Les docteurs de l’Église sont avant tout des enseignants que l’Église offre à toutes les générations (le mot « docteur » vient ici du latin signifiant « enseignant »). Ce sont des hommes et des femmes reconnus dans toute l’Église universelle non seulement pour leur sainteté, mais aussi pour leur contribution exceptionnelle à la théologie chrétienne et à l’enseignement de l’Église. La pensée de Newman a eu un impact profond sur la doctrine catholique au cours du siècle dernier, et il a été l’une des figures intellectuelles les plus citées au Concile Vatican II. Sa pensée a particulièrement influencé la rédaction de la constitution dogmatique sur la révélation divine Dei Verbum, notamment sa notion du développement de la doctrine, ainsi que la déclaration sur la liberté religieuse Dignitatis humanae, en particulier sur le thème de la conscience. L’héritage de Newman comprend les Centres Newman, qui sont des communautés catholiques étudiantes sur les campus universitaires du monde entier. J’ai découvert Newman pour la première fois pendant mes études à l’Université McGill à Montréal, en vivant et en travaillant au Centre Newman qui se trouve sur la rue Peel. Newman a également influencé de manière significative le chemin de la synodalité que l’Église entreprend actuellement, car il encourageait la formation, la consultation et la collaboration avec les laïcs et il enseignait que la doctrine de l’Église évolue naturellement au fil du temps.
Newman avait un esprit brillant et était un écrivain prolifique. Il est peut-être le théologien le plus important du XIXe siècle, en tout cas dans le monde anglophone. Mais ce que j’admire le plus chez Newman, c’est la façon dont il a mis sa vie en jeu pour rester fidèle à sa foi, s’abandonnant avec une confiance radicale en Dieu.

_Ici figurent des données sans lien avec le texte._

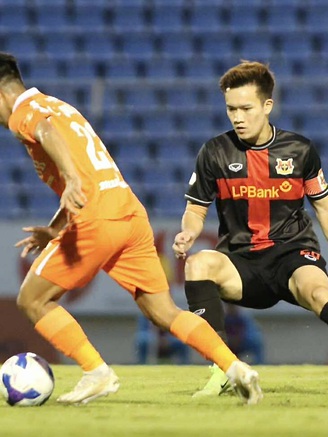 Thủ môn Văn Lâm phản xạ siêu nhanh, Ninh Bình lại thắng ngược cực hay: Đà Nẵng quá ‘đen’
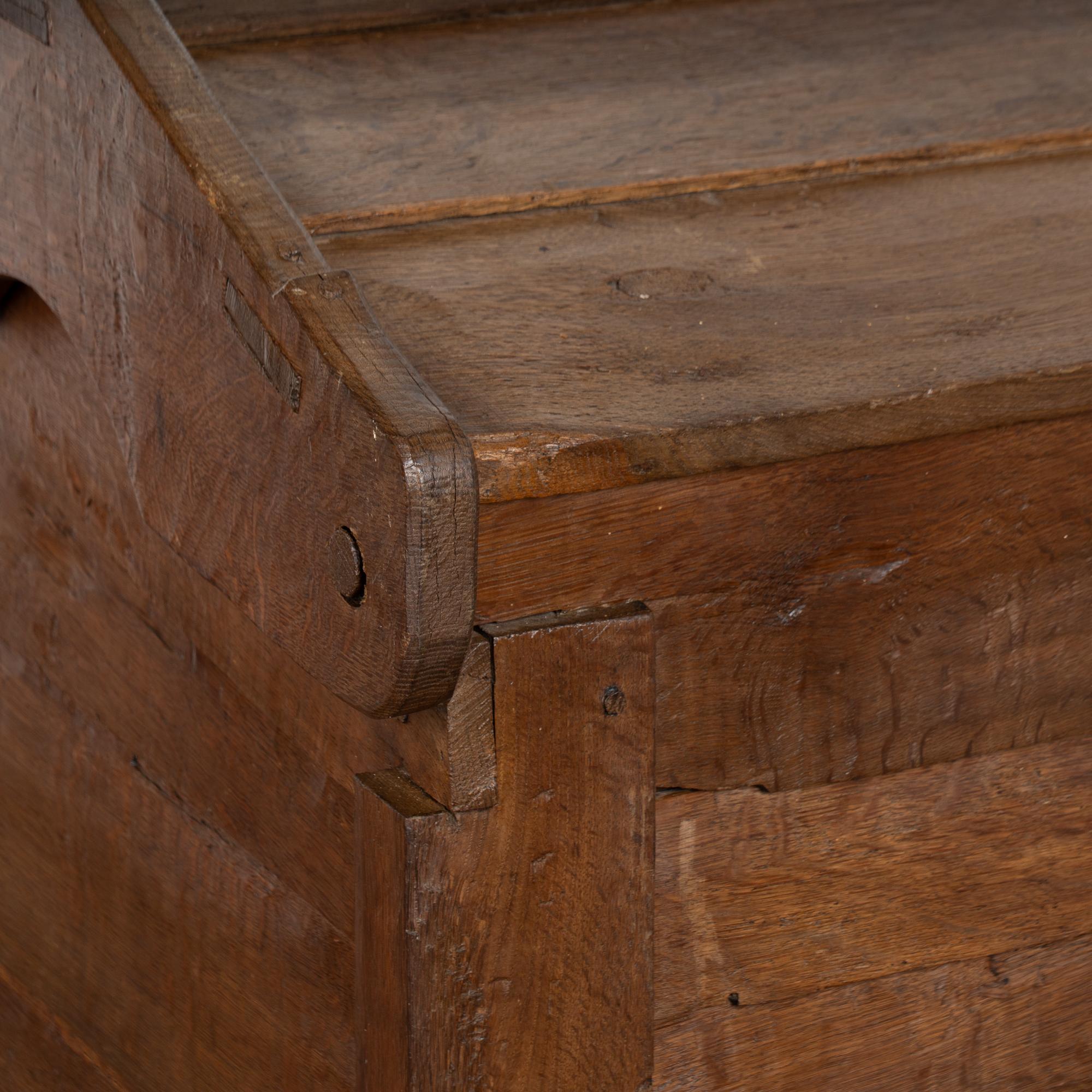 Baule a cupola in Oak del XIX secolo con dettagli intagliati dall'Ungheria in vendita 3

Newman n’était pas un martyr au sens strict du terme. Il n’est pas mort pour sa foi. Pourtant, il était prêt à tout perdre pour rester fidèle à ses convictions. Le titre d’une de ses biographies résume bien cela : « Une vie sacrifiée ». En se convertissant de l’anglicanisme au catholicisme, Newman est passé du statut de professeur prestigieux à Oxford et de prêtre anglican très respecté à celui de paria, rejeté par la société. Il a perdu son emploi. Sa réputation a été détruite. Ses amis l’ont abandonné.
Les choix de vie dramatiques de Newman n’étaient pas le résultat d’une crise de la quarantaine, mais plutôt une réponse courageuse aux inspirations de Dieu dans son cœur. La devise de Newman était « Le cœur parle au cœur » (Cor ad cor loquitur), une citation tirée des écrits de Saint François de Sales. Dieu ne cesse jamais de parler à nos cœurs, et nous pouvons lui parler à partir des nôtres. Le dialogue d’amour permanent entre le cœur de Dieu et celui de Newman était le fondement de la vie et des décisions du saint anglais. C’était son ancrage dans les mers agitées, sa lumière au milieu des ténèbres environnantes et sa boussole lorsque la voie à suivre semblait incertaine.
La relation sincère que Newman entretenait avec Dieu se reflétait dans la manière dont il abordait ses relations avec les autres. Il laissait cette conversation permanente entre son cœur et Dieu résonner dans ses écrits, dans sa manière de servir les autres et dans les amitiés qu’il a nouées tout au long de sa vie.
Quelle leçon pouvons-nous tirer de Newman aujourd’hui ? Newman avait une intelligence phénoménale, mais il nous montre que ce qui importe le plus, ce n’est pas la connaissance intellectuelle, mais la connaissance du cœur. À une époque où il est de plus en plus courant de tenir des discours qui divisent et de prôner des idéologies polarisantes, Newman nous enseigne à parler avec notre cœur. Comme dans la vie de Newman, cela signifie non seulement laisser nos cœurs se parler, mais surtout laisser Dieu parler à nos cœurs et guider nos pas, afin que son amour et sa bonté puissent se répercuter dans nos vies et dans notre monde.
Saint John Henry Newman, maître de l’intelligence du cœur, priez pour nous.